I became step one of the solution, but I do not understand the following steps of the answer. Can someone help? I added a picture of the answer!
The side of the square is $4\sqrt{5}$, so the area of the square is $80$.
The area of $\triangle_{QCD}=\frac{1}{2}\cdot4\sqrt{5}\cdot h=\frac{80}{3}$, so the height $h=\frac{8\sqrt{5}}{3}$, which is $\frac{2}{3}$ the side of the square.
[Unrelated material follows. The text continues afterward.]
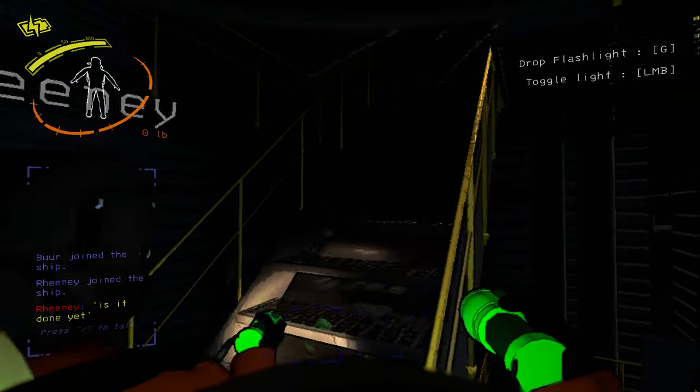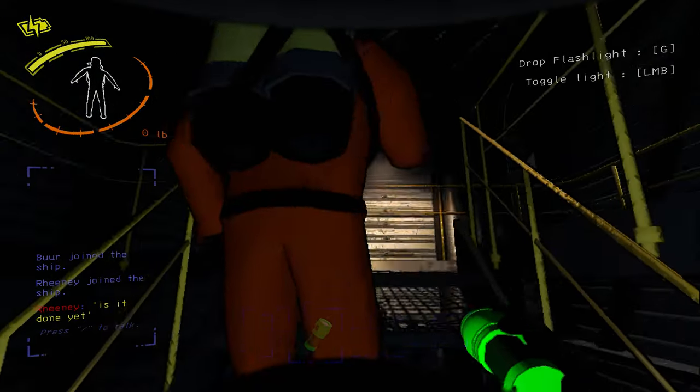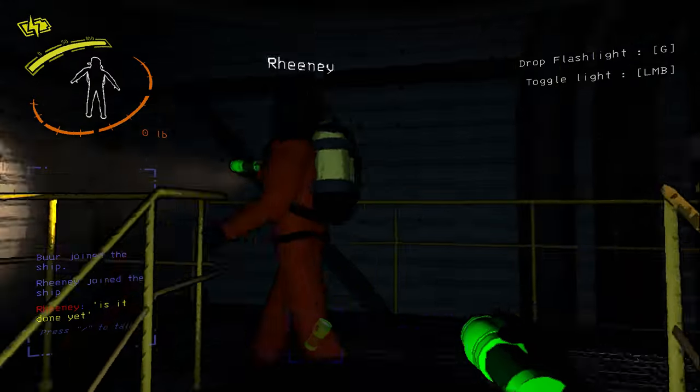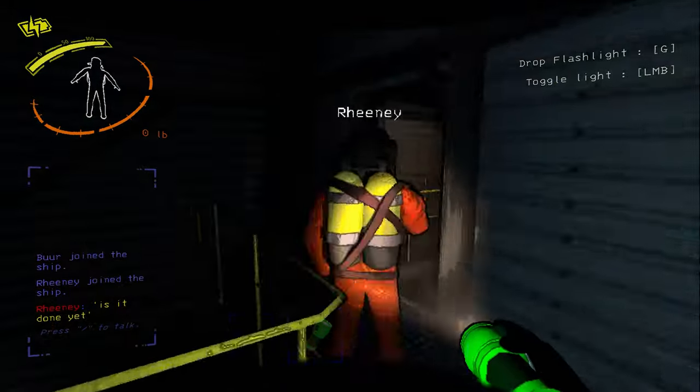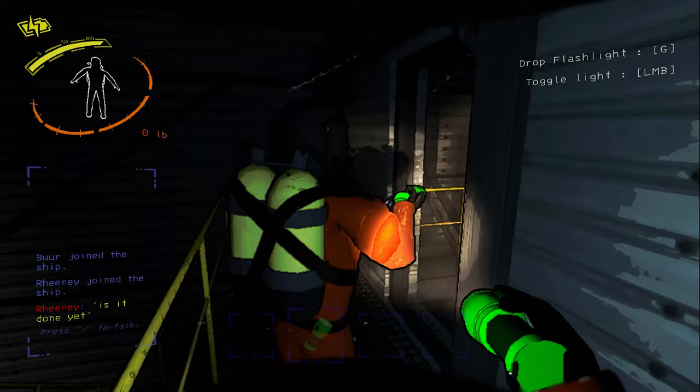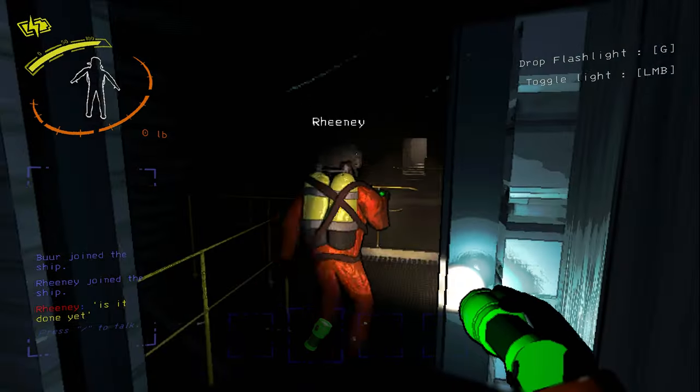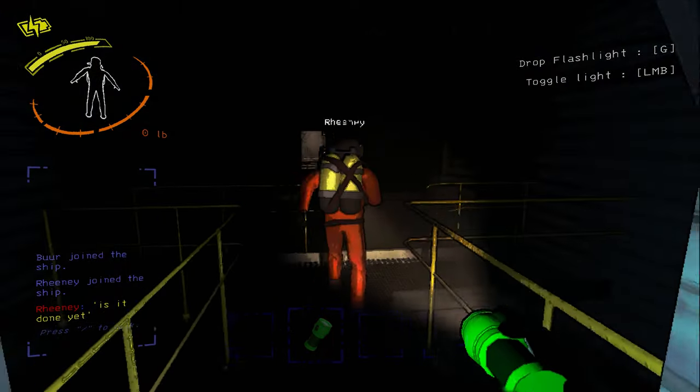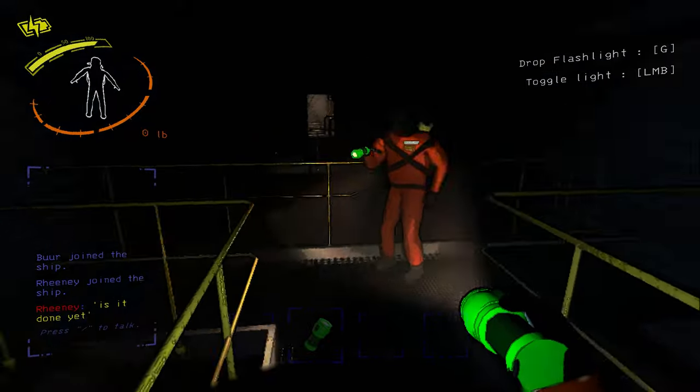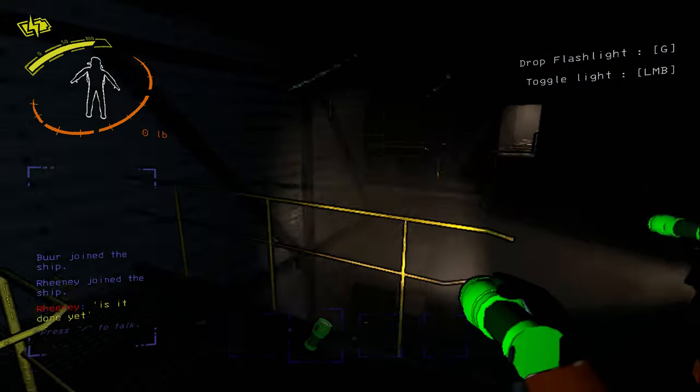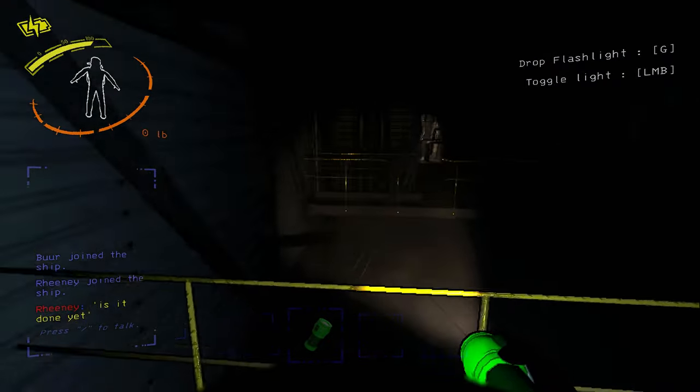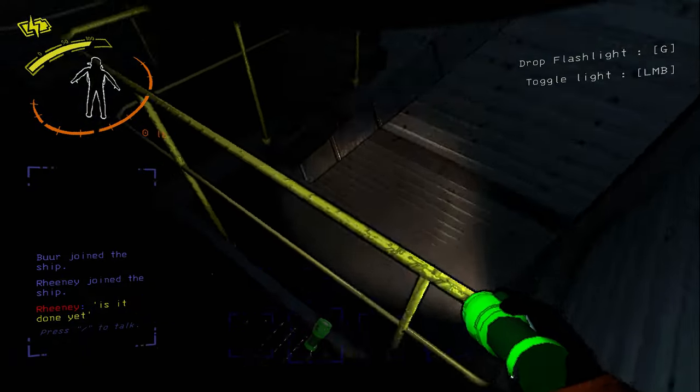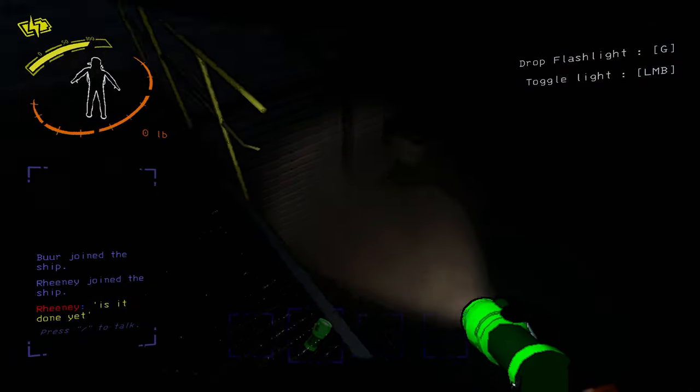So you're taking point, are you? You're going first. Where have you gone? Did you just fall? Have you fallen already?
Now imagine drawing a line through the midpoint of $CD$, say $R$, through $Q$, to the midpoint of $AB$, say $S$, this bisects the square and has $RQ:QS=\frac{2}{3}:\frac{1}{3}$, or equivalently $RQ:QS=2:1$, and so $DQ:QP=2:1$ also.
Now find $\overrightarrow{DP}=\overrightarrow{DO}+\overrightarrow{OP}=-\overrightarrow{OD}+\overrightarrow{OP}=\binom{-4}{8}+\binom{2}{3}=\binom{-2}{11}$.
You can now find $\overrightarrow{OQ}=\overrightarrow{OD}+\frac{2}{3}\overrightarrow{DP}=\binom{4}{-8}+\frac{2}{3}\cdot\binom{-2}{11}=\binom{8/3}{-2/3}$, giving $Q=(\frac{8}{3},-\frac{2}{3})$ as required.